Over 71.8% of rural households expect their income to increase in the next financial year, according to a bi-monthly survey conducted by the National Bank for Agriculture and Rural Development (Nabard) earlier this month. 

This represents the lowest level of people expecting their income to rise in the coming year since the March, 2025 round of survey when 72.2% of rural households expected their income to rise.

Over 75.9% respondents expected their income to rise  in the November, 2025 round of survey, the highest since it commenced in September, 2024.

Post-Festive Cooling

However, the percentage of households expecting a decrease in income next year fell to only 3.4% in January, 2026, the lowest level recorded.
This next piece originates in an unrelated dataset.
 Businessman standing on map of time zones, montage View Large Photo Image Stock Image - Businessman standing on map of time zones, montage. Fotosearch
A year ago, 7.4% of rural households reported a fall in income.

The Nabard survey, titled ‘Rural Economic Conditions and Sentiments’, has stated that the percentage of households reporting increased consumption fell to lowest level at 73%, “pointing to likely slackening of rural consumption demand during the last two months,”.
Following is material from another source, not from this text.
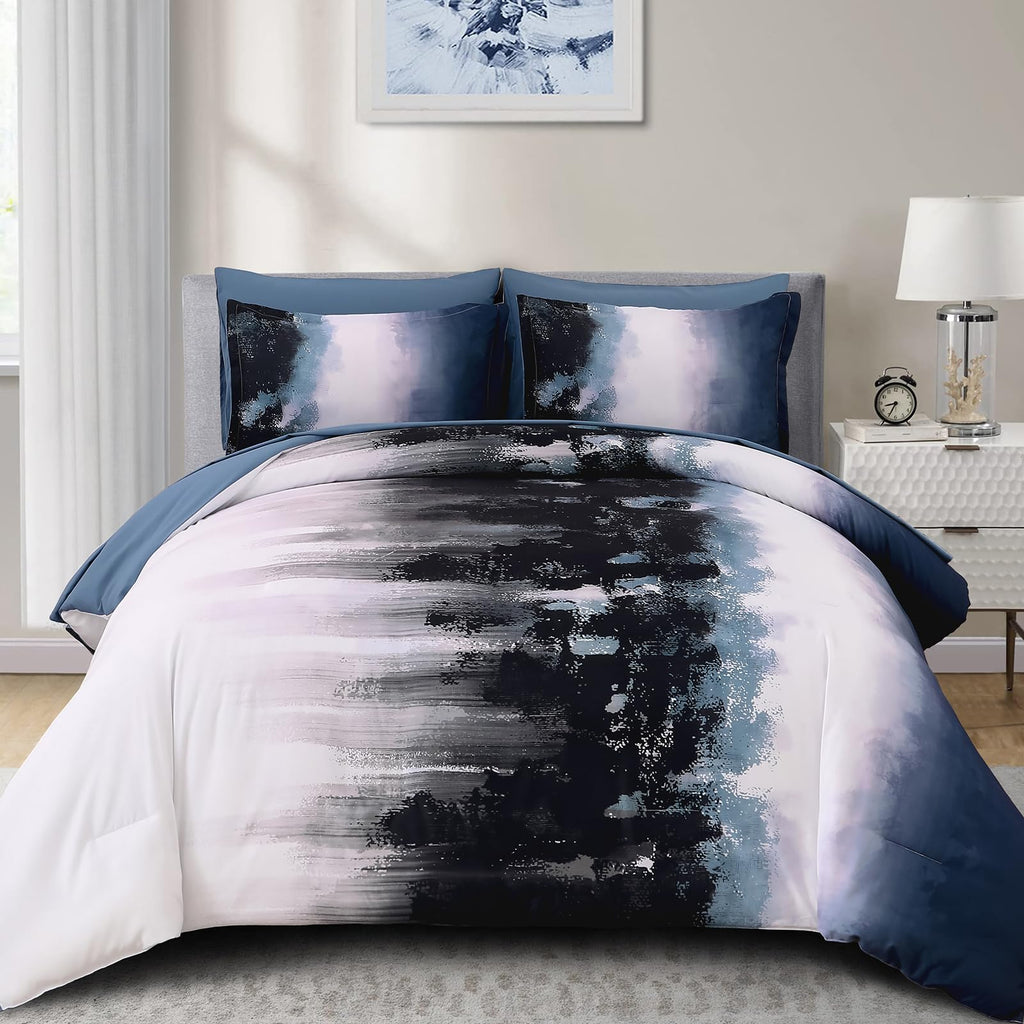 Ombre Blue Comforter Set Queen Size Gradient Navy Blue Black Boho Bedding Set for Teen Men Women 7 Pieces Bed in A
Nabard has stated that the expansionary impact of goods and services tax (GST) rate rationalisation announced in September, 3, 2025 and the subsequent festival season, was visible in the November 2025 round survey results, when 79.2% of rural households had reported increased consumption expenditure in the last one year, highest since survey commenced.

The survey which was conducted during last week of December, 2025 and first week of January, 2026,  noted in the next one quarter, the percentage of households expecting income and employment situation to improve fell to their lowest respective levels at 46.4% among all rounds of the survey conducted since September, 2024.

Deflation Paradox

With the softening of food prices over successive  months, a section of the rural households seems to have increased the share of their total monthly consumption devoted to food. 
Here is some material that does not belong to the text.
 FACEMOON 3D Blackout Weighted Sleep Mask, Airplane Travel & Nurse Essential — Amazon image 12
The survey stated that the overall share of food in monthly consumption expenditure rose to 55.5%, which is the highest in all the rounds of bi-monthly surveys.

Retail food inflation in India remained in the negative zone (deflation) for the seventh consecutive month in December at (–) 2.71% year-on-year, largely due to high base effect and fall in prices of vegetables and pulses.

On the aspect of rural inflation, the highest percentage of households (87.6%) reported in the latest round of the survey that current inflation as experienced by them has been at or below 5%.

“Close to 55% of the respondents reported taking recourse exclusively to formal sources of credit. Moreover, even when they borrow from informal sources, more than half of such informal borrowings are from friends and relatives”, Nabard has stated.

While the average interest rate on informal credit has been sticky at around 17-18 % , more than one-fourth of the households that borrow from informal sources pay no interest, which could be because they take such loans from friends and relatives.